Anyway, back to the survey results, and remember these findings reflect UK mediation practice and relevant law:
1. 47% of those who use mediation services think that cost penalties should apply to parties who attend a mediation but who have no intention of seeking a compromise or do not participate in good faith.
That’s a tough one, because it’s pretty hard to know where the evidence of that intention should come from, without drawing in mediators. But it’s interesting in that it probably reflect a degree of frustration on the part of some mediation users with processes that aren’t seeming to deliver much value. Or it may just be the product of power of courts here in the UK to impose costs penalties on those who “unreasonably refuse” mediation. That’s for another blog.
2. 56% support an increase in mediators’ fees to enable them to increase the time and quality of their preparation.
Beyond the flippant comment that this is hard for mediators to object to, I suspect the conclusion points to a real awareness that mediators can deliver significant value, which is worth paying for, but that the process has to be taken seriously by mediators. In other words, parties are looking for an in-depth and serious conversation with mediators about the merits of their case. Good on them!

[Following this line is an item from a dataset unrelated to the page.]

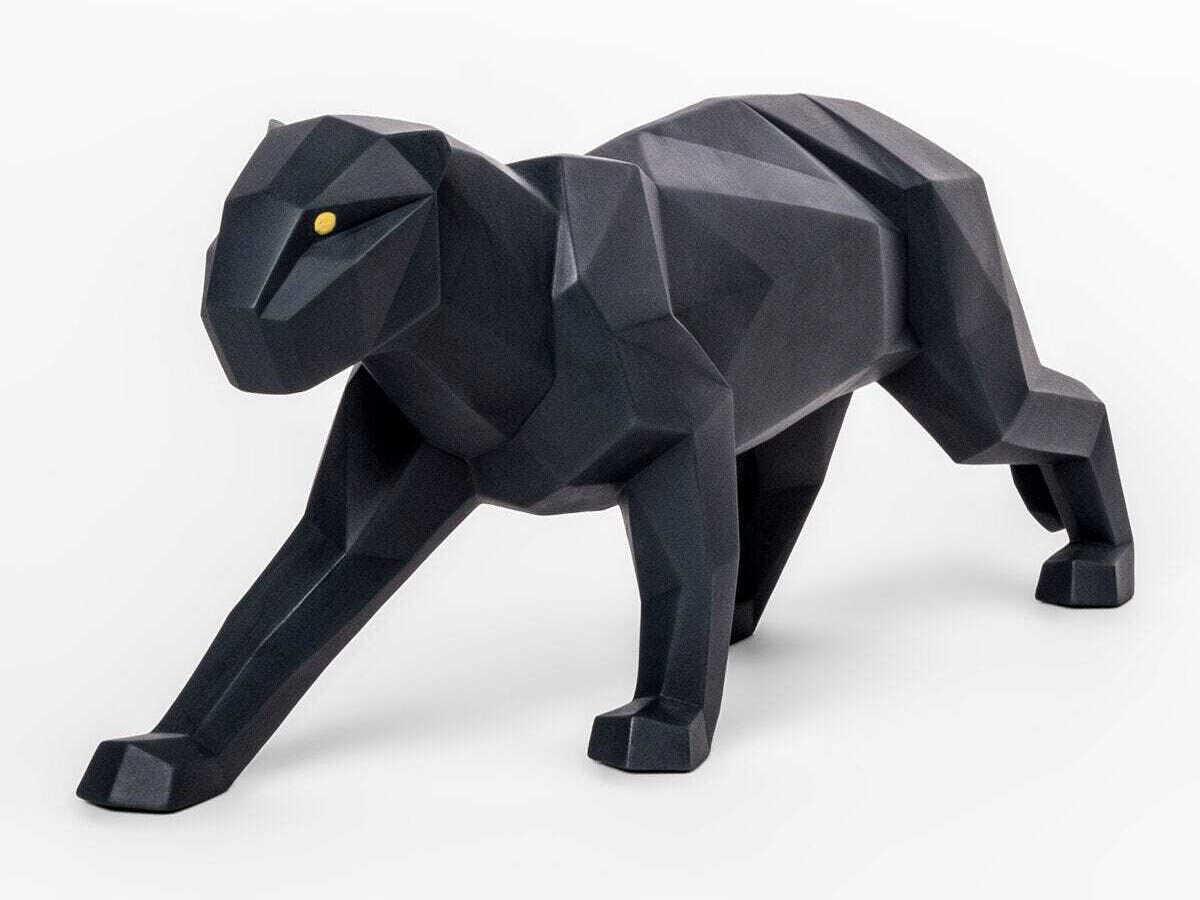 Lladro Matte Black Panther Sculpture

3. Over 60% believe that mediators should not handle more than two one-day mediations per week.
Personally, I don’t agree with a fixed limit on case numbers, but the underlying point is an important one; namely that mediation is a tough, intense and highly-focused process, requiring us mediators to be on top of our game every time. If this is not always the case (presumably, and sadly, this finding indicates that view amongst some users) then parties should feel free to express those views to mediators. Apart from anything else, it’s the only way mediators can really learn.
4. 68% believe mediators should take an interventionist role in mediations, suggesting settlement levels.

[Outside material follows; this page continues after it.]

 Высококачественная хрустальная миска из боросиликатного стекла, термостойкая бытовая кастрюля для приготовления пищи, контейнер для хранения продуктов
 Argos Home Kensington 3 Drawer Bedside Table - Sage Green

It’s not easy to second-guess what this springs from, except perhaps a frustration that mediators are not getting “stuck in” enough. However, I suspect it may reflect an assumption on mediators’ behalf that the clients would not welcome this. Well, according to this survey, over two-thirds of them would. As always, however, the issue is not just what you do, but the way that you do it (to paraphrase Ella Fitzgerald and Bananarama!). Effective challenging, whilst retaining neutrality and a relationship of trust with parties, is at the heart of what we do.
5. 67% do not support compulsory mediation.
I’ll save that for another blog!
6. 51% believe the courts should recognize an independent ‘mediation privilege’ to apply to mediation, which protects the mediator even if parties agree to waive the privilege.
This is a particular UK point, given various recent attempts by the courts to open up mediation discussions in subsequent court hearings. I’ll leave the case law for another time – suffice to say for now that if over half of our clients are worried about the degree to which the mediation process is genuinely ring-fenced from the court process, that won’t be helping with open debate at the mediation.
So, from this mediator, a heart-felt thank you to Katie Bradford and her colleagues! Keep it up. Make your priorities and concerns clear. We may not always agree, but we absolutely want to talk about it.